St. Sergius, Vladimir Putin and the mysterious Russian soul

For those who care about the fine details of international policy, here is the latest -- care of Time magazine -- on the popularity of one Vladimir Putin among his own people.

A new poll released this week by the Levada Center reports that the Russian President currently enjoys an approval rating of 87% -- a 4-point jump since a similar survey was completed in May, according to the Moscow Times.
Meanwhile in the U.S., where the economy is bouncing back and the White House has largely retreated from militaristic interventions abroad, President Barack Obama’s approval rating sagged to 40% this week -- its lowest point to date.

The implication is that Obama is pursuing policies that, if voters were rational, would lead to better poll numbers. Meanwhile, it appears that Putin is being very Russian. Apparently, Russians like that.

This brings me to that recent story in The New York Times that inspired some recent emails to your GetReligionistas.
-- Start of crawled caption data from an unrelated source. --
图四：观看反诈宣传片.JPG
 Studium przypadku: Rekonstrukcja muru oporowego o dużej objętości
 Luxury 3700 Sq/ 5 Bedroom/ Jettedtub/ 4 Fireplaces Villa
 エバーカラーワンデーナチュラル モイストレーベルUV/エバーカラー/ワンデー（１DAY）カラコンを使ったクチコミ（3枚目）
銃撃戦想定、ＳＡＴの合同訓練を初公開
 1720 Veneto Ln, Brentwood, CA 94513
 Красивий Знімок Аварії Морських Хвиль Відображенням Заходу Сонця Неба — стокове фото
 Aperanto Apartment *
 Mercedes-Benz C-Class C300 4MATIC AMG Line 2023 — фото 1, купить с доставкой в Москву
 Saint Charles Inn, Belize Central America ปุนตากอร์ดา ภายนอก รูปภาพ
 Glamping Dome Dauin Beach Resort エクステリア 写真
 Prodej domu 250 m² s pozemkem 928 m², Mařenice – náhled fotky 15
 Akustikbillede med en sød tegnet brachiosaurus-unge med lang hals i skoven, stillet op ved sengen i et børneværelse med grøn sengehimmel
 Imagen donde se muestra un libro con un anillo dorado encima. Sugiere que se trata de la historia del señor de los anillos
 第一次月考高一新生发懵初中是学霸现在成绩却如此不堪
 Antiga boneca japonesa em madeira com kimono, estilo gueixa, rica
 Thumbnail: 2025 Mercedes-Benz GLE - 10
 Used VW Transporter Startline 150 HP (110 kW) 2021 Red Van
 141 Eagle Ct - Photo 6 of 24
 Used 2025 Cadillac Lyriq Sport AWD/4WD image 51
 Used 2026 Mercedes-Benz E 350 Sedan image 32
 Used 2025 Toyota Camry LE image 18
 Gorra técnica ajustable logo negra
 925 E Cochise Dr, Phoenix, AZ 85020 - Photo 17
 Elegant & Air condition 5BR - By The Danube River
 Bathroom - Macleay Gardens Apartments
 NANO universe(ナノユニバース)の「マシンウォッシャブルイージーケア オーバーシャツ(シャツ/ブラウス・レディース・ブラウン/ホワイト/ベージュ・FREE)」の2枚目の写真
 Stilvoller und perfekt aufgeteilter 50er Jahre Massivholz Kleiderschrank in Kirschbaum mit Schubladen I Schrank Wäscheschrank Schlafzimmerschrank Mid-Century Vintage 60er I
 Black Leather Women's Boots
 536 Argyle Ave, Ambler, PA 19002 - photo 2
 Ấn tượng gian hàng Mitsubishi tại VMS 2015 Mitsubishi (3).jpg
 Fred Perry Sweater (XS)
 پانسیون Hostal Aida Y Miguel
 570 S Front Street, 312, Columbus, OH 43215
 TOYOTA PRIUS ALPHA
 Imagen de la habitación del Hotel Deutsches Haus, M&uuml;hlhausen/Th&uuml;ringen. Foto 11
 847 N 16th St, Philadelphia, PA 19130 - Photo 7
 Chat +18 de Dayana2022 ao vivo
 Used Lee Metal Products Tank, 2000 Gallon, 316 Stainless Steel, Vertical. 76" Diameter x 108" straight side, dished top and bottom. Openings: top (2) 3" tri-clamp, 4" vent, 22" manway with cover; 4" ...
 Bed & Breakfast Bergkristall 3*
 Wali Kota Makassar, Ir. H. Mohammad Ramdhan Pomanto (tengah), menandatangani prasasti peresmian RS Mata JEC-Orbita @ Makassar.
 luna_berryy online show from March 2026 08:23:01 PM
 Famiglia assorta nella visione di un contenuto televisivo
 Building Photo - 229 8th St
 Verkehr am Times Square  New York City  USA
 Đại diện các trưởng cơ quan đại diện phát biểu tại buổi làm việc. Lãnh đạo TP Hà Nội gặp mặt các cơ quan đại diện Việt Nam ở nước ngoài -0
Before we get back to Putin and the quest to understand the soul of Russia, let's look at an all-too-familiar error in this report, the mistake that ticked off some of our loyal readers.

The voice in this passage is Vladimir Bubelev, a navy reserves officer who -- crucial details for the Times team -- has a brass pin on his lapel showing the profile of Nicholas II, the last czar. Actually, in the eyes of the Russians, wouldn't that be the martyred St. Nicholas II? Yes, the story mentions that fact later on.

At the heart of this story is one of the most revered saints in Orthodox Christianity in Russia -- St. Sergius. Millions of Russians, including Putin, are celebrating the 700th anniversary of this saint in rites that the Times team -- accurately -- stresses are linked to deep feelings of Russian nationalism.

As it happens, the birthday of St. Sergius and the anniversary of the death of Nicholas II fall within a couple of days of each other in July. The church made Nicholas II and his immediate family saints in 2000. The czar’s 1917 overthrow was for many Orthodox faithful the last time that a man anointed by God governed Russia.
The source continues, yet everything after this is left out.